(Stored items)
[Start of Attachment]
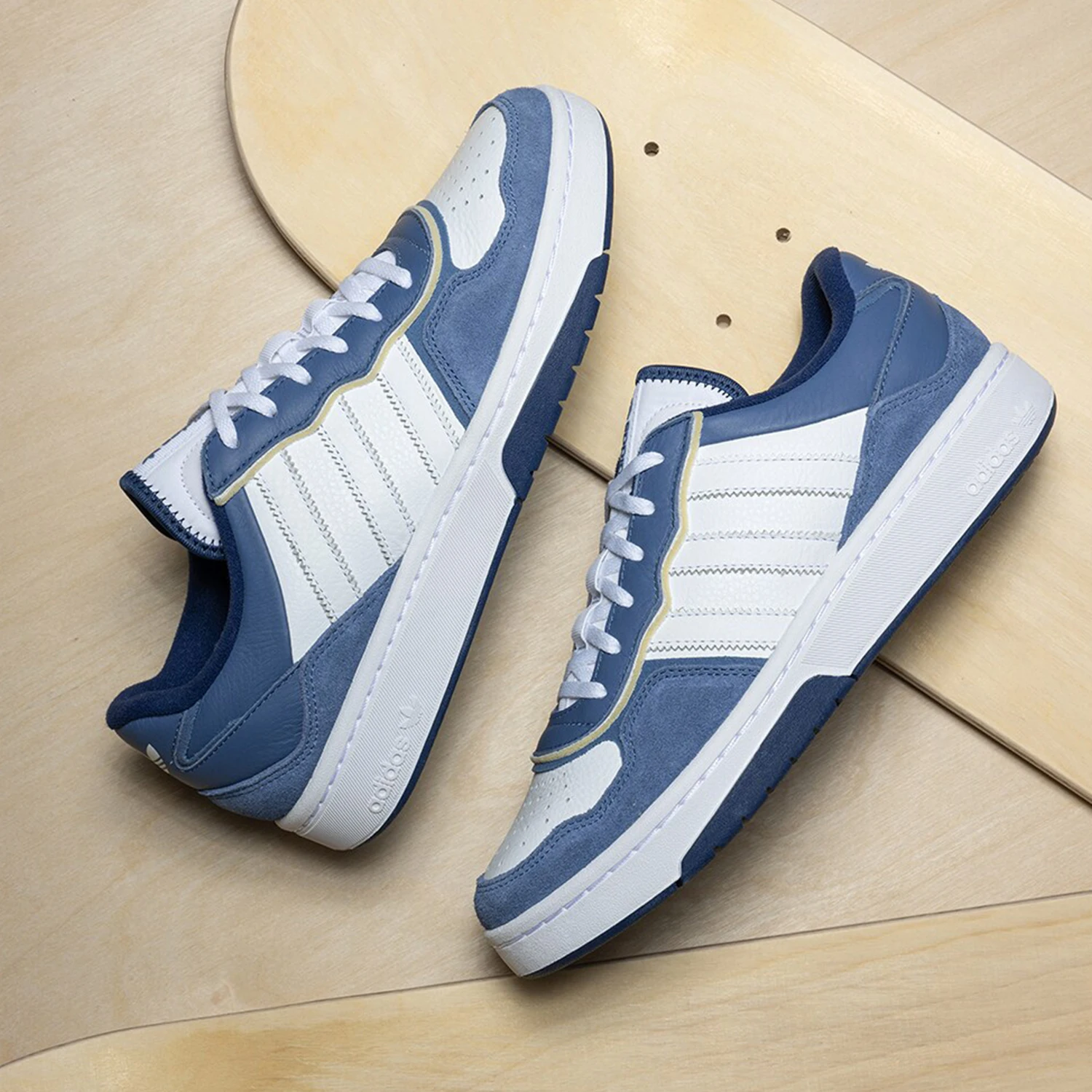 

Adidas оригинальные мужские и женские прочные классические кроссовки с низким верхом JI2554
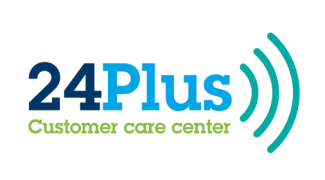 24Plus logo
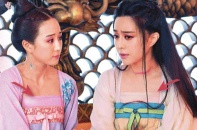 TVB nghĩ cách che cảnh nhạy cảm trong "Võ Mỵ Nương"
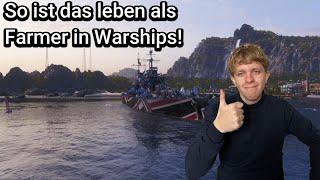 Die Nebel-Farm-AP-Maschine! Minotaur im Test! | World of Warships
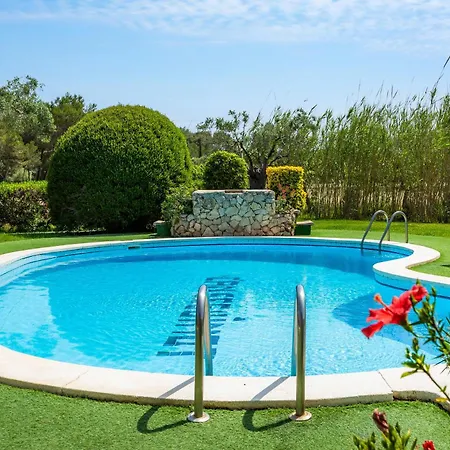 Вилла La Fortaleza Польенса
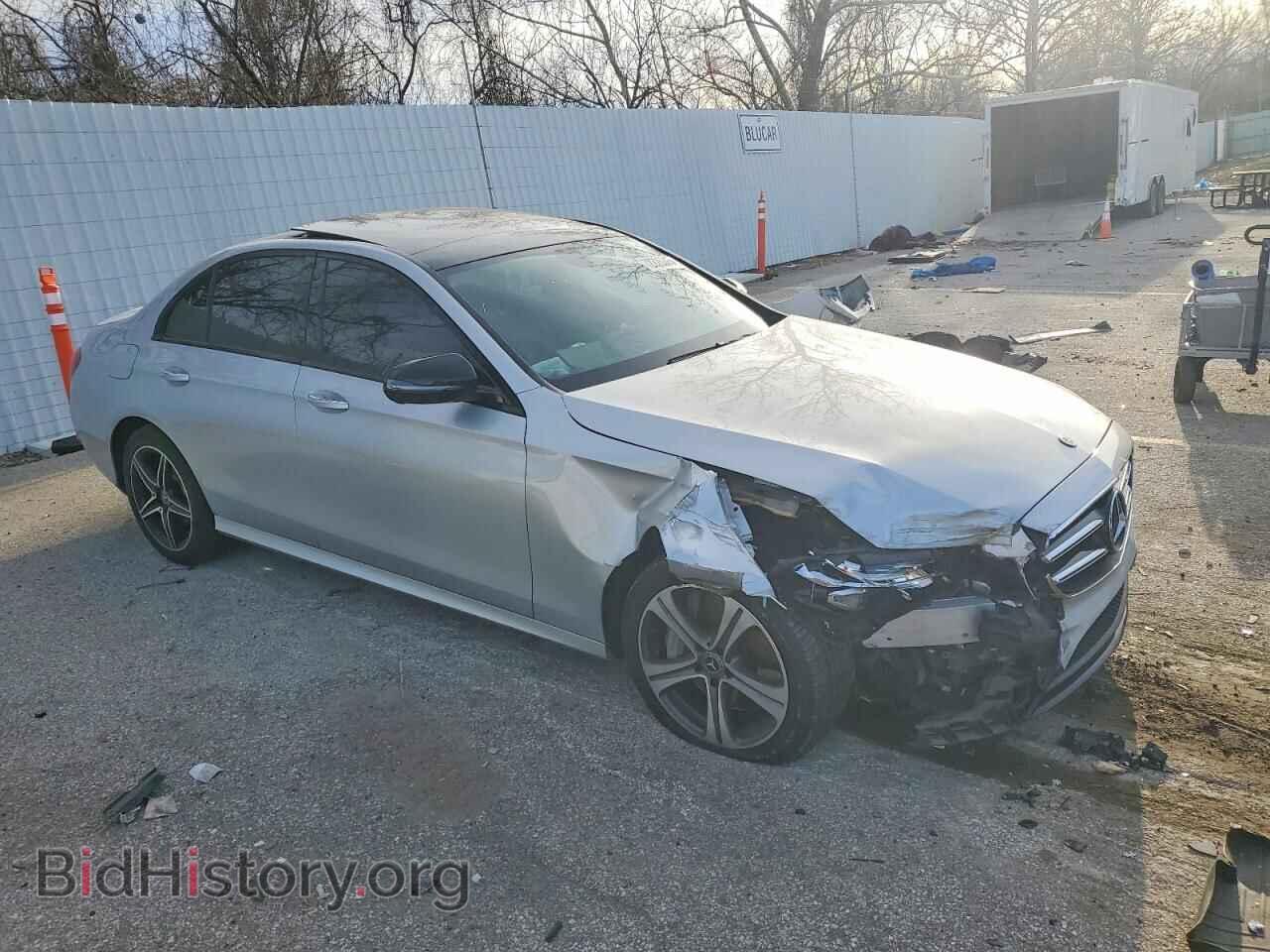 2018 MERCEDES-BENZ E-CLASS - VIN: WDDZF4KB3JA373546 - Фото 4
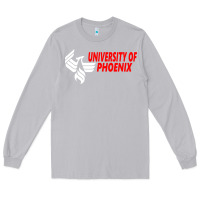 Moon Dust university of phoenix Long Sleeve Tee - artisFamous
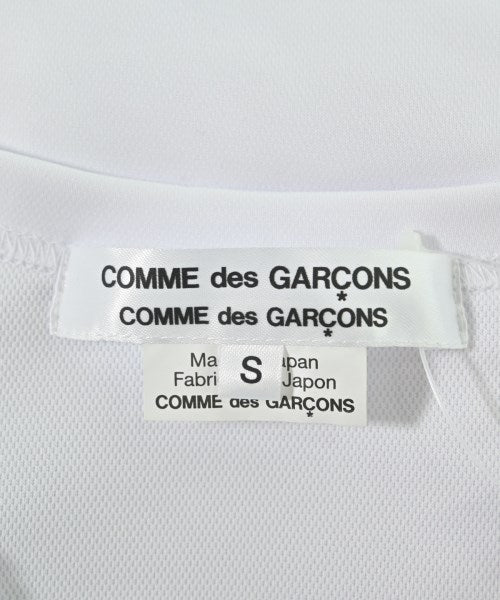 COMME des GARCONS COMME des GARCONS T恤/上衣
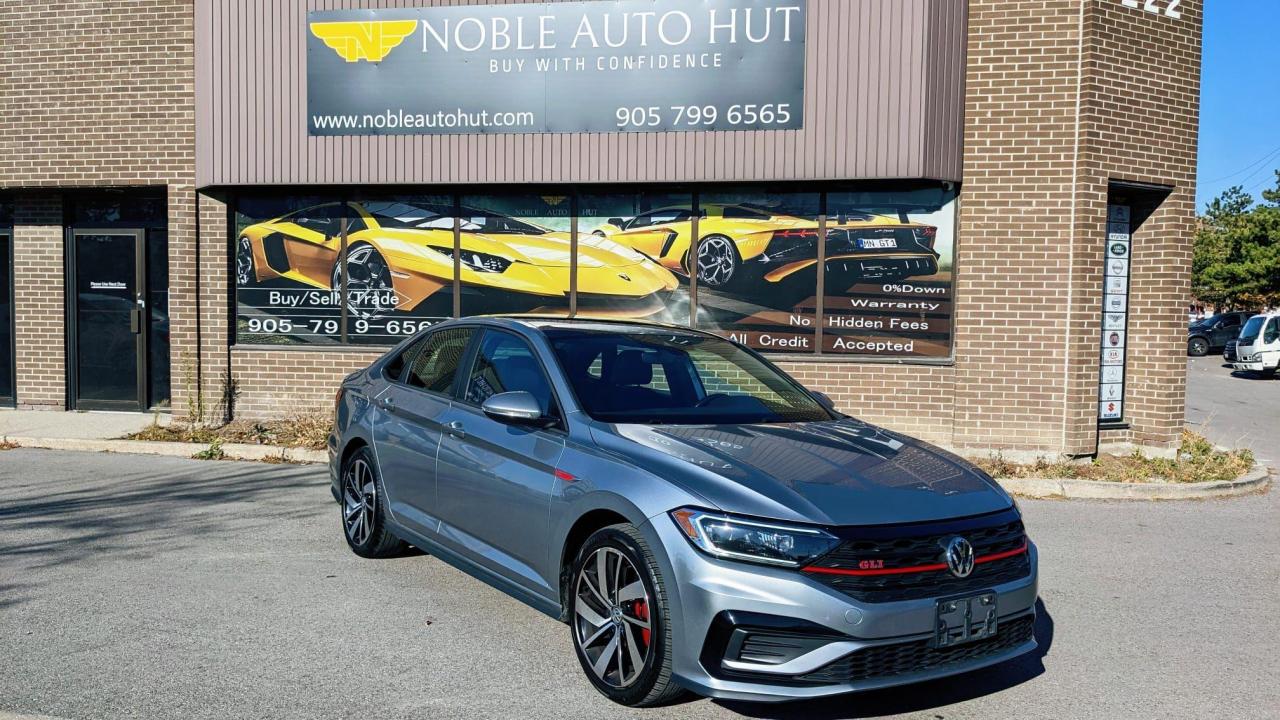 Used 2019 Volkswagen Jetta GLI for sale in Brampton, ON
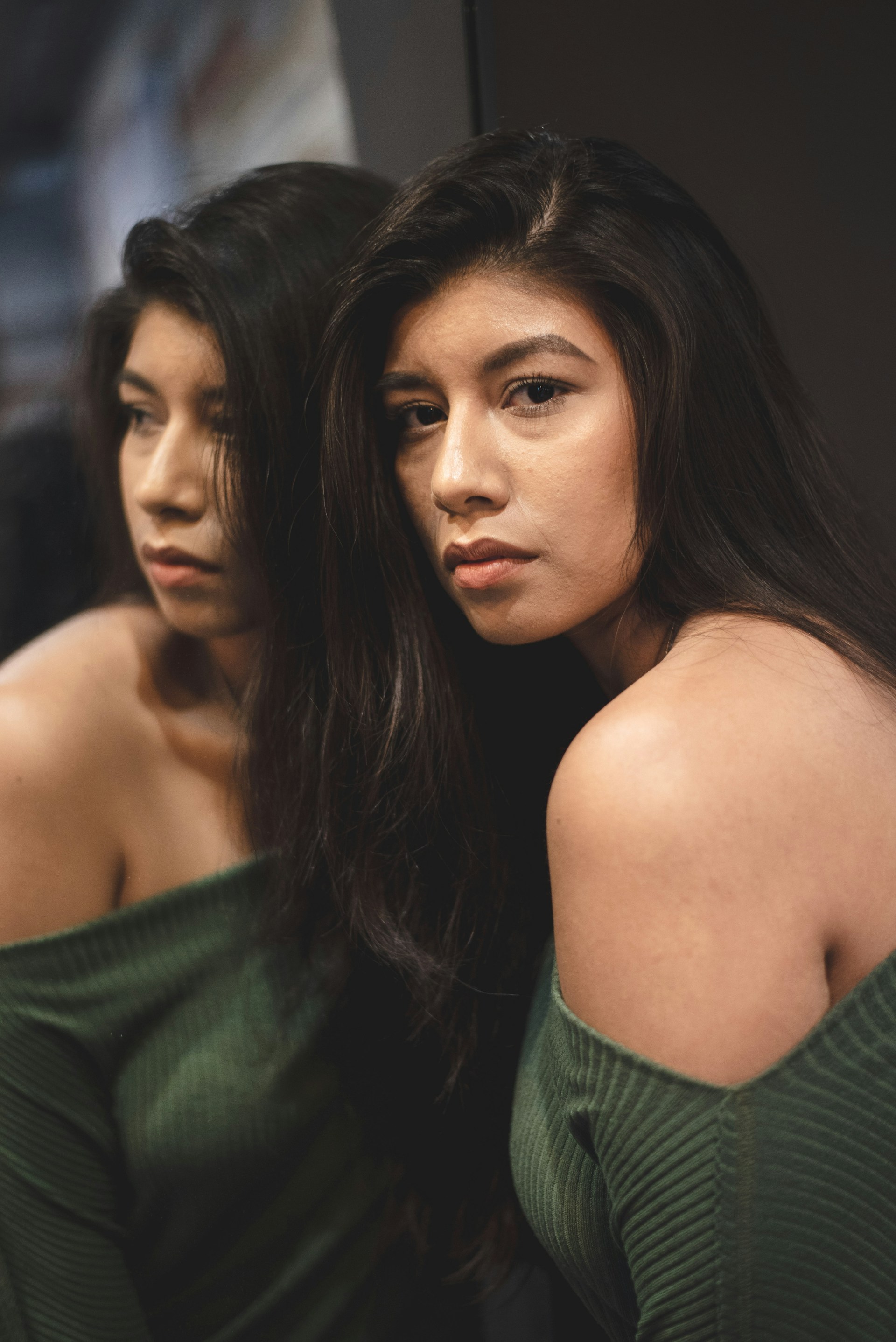 Una mujer reflexiva | Fuente: Unsplash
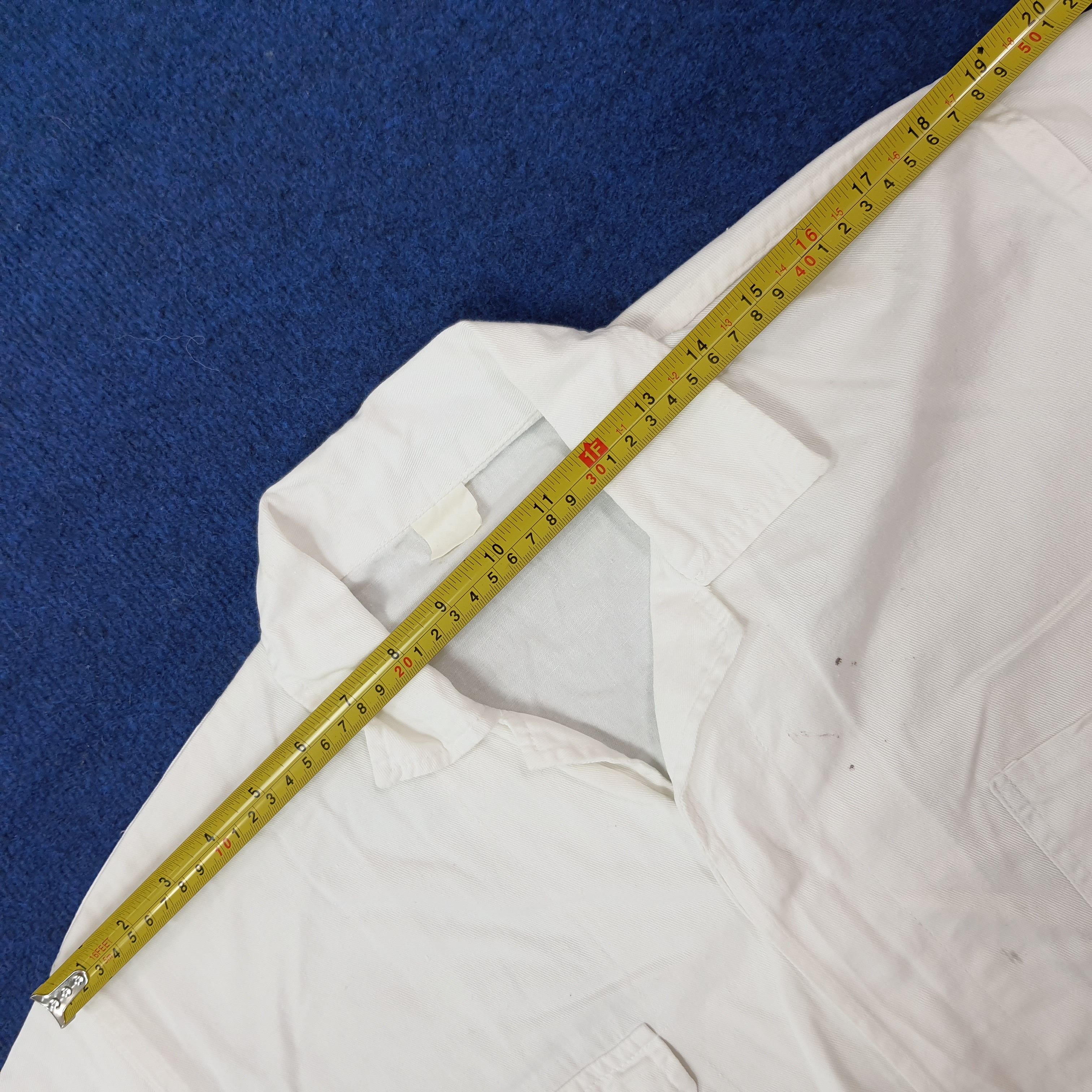 Japanese Brand Vintage Mitsubishi Japan Motorsports Button Coverall C227N13 Size US M / EU 48-50 / 2 - 9 Thumbnail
[End of Attachment]
* _Aim of the task_
Locate "Die Nebel-Farm-AP-Maschine! Minotaur" in the entries above. Copy, exactly and only, the lines from that line to the end, leaving out the pictures.

* _Response_
 Die Nebel-Farm-AP-Maschine! Minotaur im Test! | World of Warships
 Вилла La Fortaleza Польенса
 2018 MERCEDES-BENZ E-CLASS - VIN: WDDZF4KB3JA373546 - Фото 4
 Moon Dust university of phoenix Long Sleeve Tee - artisFamous
 COMME des GARCONS COMME des GARCONS T恤/上衣
 Used 2019 Volkswagen Jetta GLI for sale in Brampton, ON
 Una mujer reflexiva | Fuente: Unsplash
 Japanese Brand Vintage Mitsubishi Japan Motorsports Button Coverall C227N13 Size US M / EU 48-50 / 2 - 9 Thumbnail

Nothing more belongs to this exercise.